True but then the rocks and substrate aren't from any of the lakes in Sulawesi either. I guess it's not a true biotope by definition but the visible fauna are correct. There probably aren't any tank owners in this forum that have rocks, substrate, wood, or leaves that actually came from the lakes of Sulawesi.


----------



## AoxomoxoA (Apr 22, 2010)

davrx said:


> True but then the rocks and substrate aren't from any of the lakes in Sulawesi either. I guess it's not a true biotope by definition but the visible fauna are correct. There probably aren't any tank owners in this forum that have rocks, substrate, wood, or leaves that actually came from the lakes of Sulawesi.


:hihi:

Do you have RCS? You could put a couple culls (only male or female) in the tank & they will help "train" your Sulawesis to eat what you give. 

I should have mentioned before that I also think your tank looks great & am interested to see how your cherry plant does.


----------



## davrx (Feb 19, 2010)

dirtyhermit said:


> :hihi:
> 
> Do you have RCS? You could put a couple culls (only male or female) in the tank & they will help "train" your Sulawesis to eat what you give.
> 
> I should have mentioned before that I also think your tank looks great & am interested to see how your cherry plant does.

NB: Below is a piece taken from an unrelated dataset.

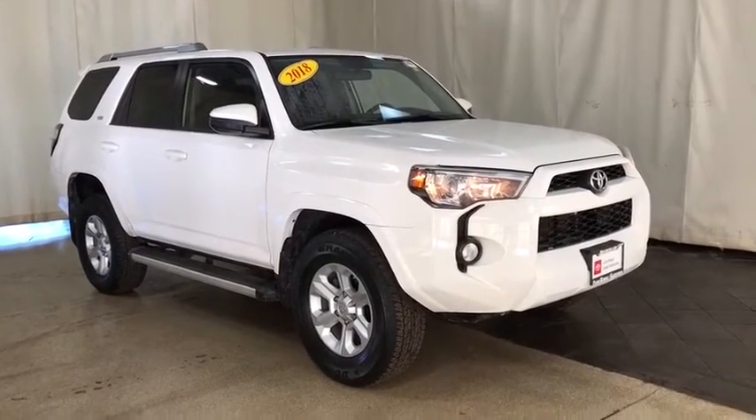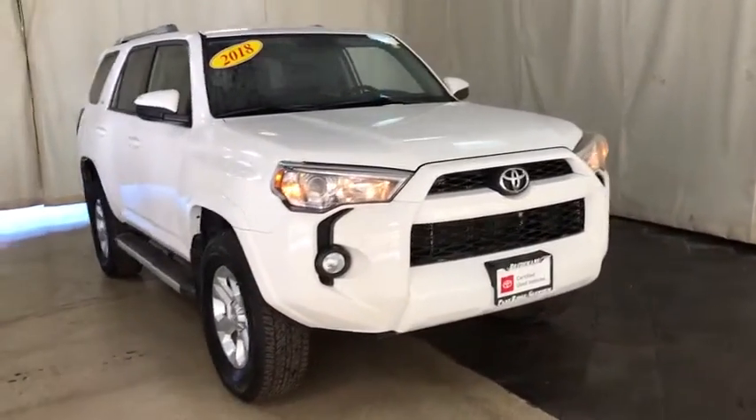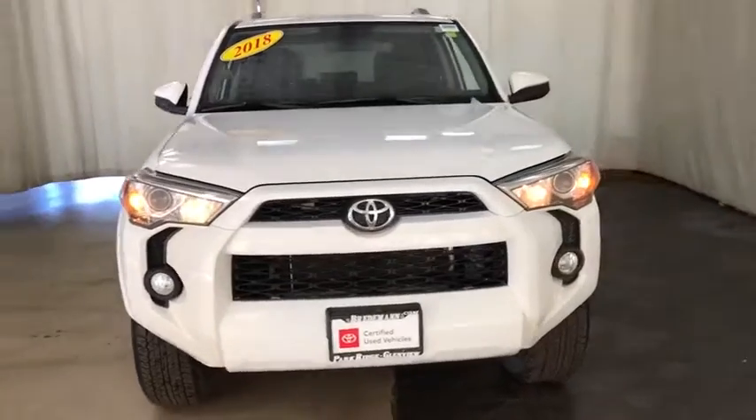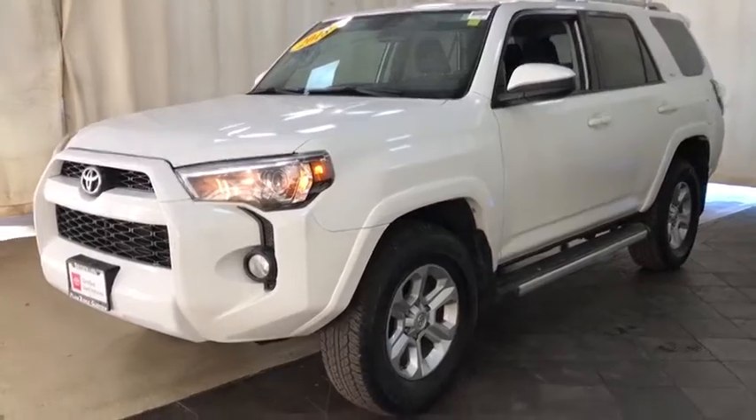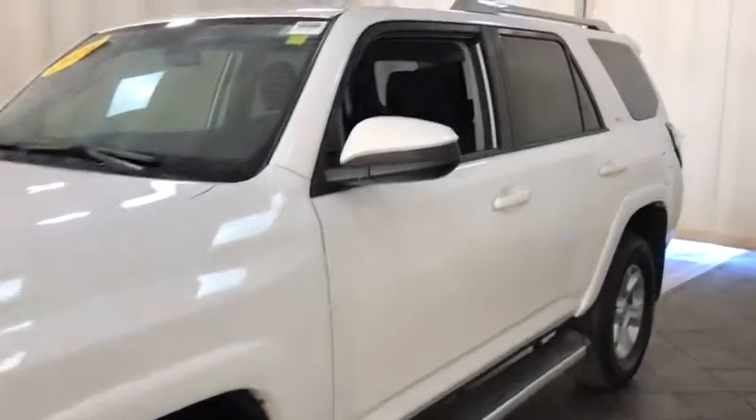Take a ride in the 2018 Toyota 4Runner. 4Runner durability is unbeatable. There are more 4Runners on the road today than any other midsize SUV. This vehicle has less than 40,000 miles.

No, I don't have any RCS but even if I did I'm not sure they would survive this hard alkaline water. The White Orchids eat the pellets I put in there so the Cardinals should be able to learn from them.
The Cherry plant was in bad shape from fish attacks in my 60 gal. tank and algae eventually engulfed it in this nano so it looked like a lost cause and I ended up pitching it. Expensive lesson. If this tank does well then I would definitely like to add another if I ever get the chance to purchase one.


----------



## AoxomoxoA (Apr 22, 2010)

davrx said:


> No, I don't have any RCS but even if I did I'm not sure they would survive this hard alkaline water. The White Orchids eat the pellets I put in there so the Cardinals should be able to learn from them.
> The Cherry plant was in bad shape from fish attacks in my 60 gal. tank and algae eventually engulfed it in this nano so it looked like a lost cause and I ended up pitching it. Expensive lesson. If this tank does well then I would definitely like to add another if I ever get the chance to purchase one.


My RCS are in 8.2 & thriving, breeding like rabbits. I'm sure they'd be fine as they're very hardy & resilient. Guppies (I'll credit him with the concept at the risk of being wrong lol) & others have also done what I mentioned with success.
Drag about the Cherry plant, I really would like to try one myself in the near future.


----------



## HCftw (Feb 2, 2010)

I love your shrimp!!!!! good luck!


----------



## davrx (Feb 19, 2010)

dirtyhermit said:


> My RCS are in 8.2 & thriving, breeding like rabbits. I'm sure they'd be fine as they're very hardy & resilient. Guppies (I'll credit him with the concept at the risk of being wrong lol) & others have also done what I mentioned with success.
> Drag about the Cherry plant, I really would like to try one myself in the near future.


Thanks for the information. I'll have to try that.


----------



## davrx (Feb 19, 2010)

*Update*

I just took these photos of the tank and its inhabitants. So far this seems to be working. Hopefully I'll start seeing some berried females in the near future. roud:


----------



## 9am53 (Jan 23, 2008)

That is a nice tank, how is the moss doing in there? I thought about doing it too, but thought that the high pH would be hard on plants


----------



## peter_l (Aug 3, 2008)

Love that tank!

I have been looking for a vintage 1.5 gal battery jar for a pico planted tank.


----------



## !shadow! (Jan 25, 2010)

At first glance i thought your tank was full of bga :icon_eek:


----------



## Betta Maniac (Dec 3, 2010)

peter_l said:


> Love that tank!
> 
> I have been looking for a vintage 1.5 gal battery jar for a pico planted tank.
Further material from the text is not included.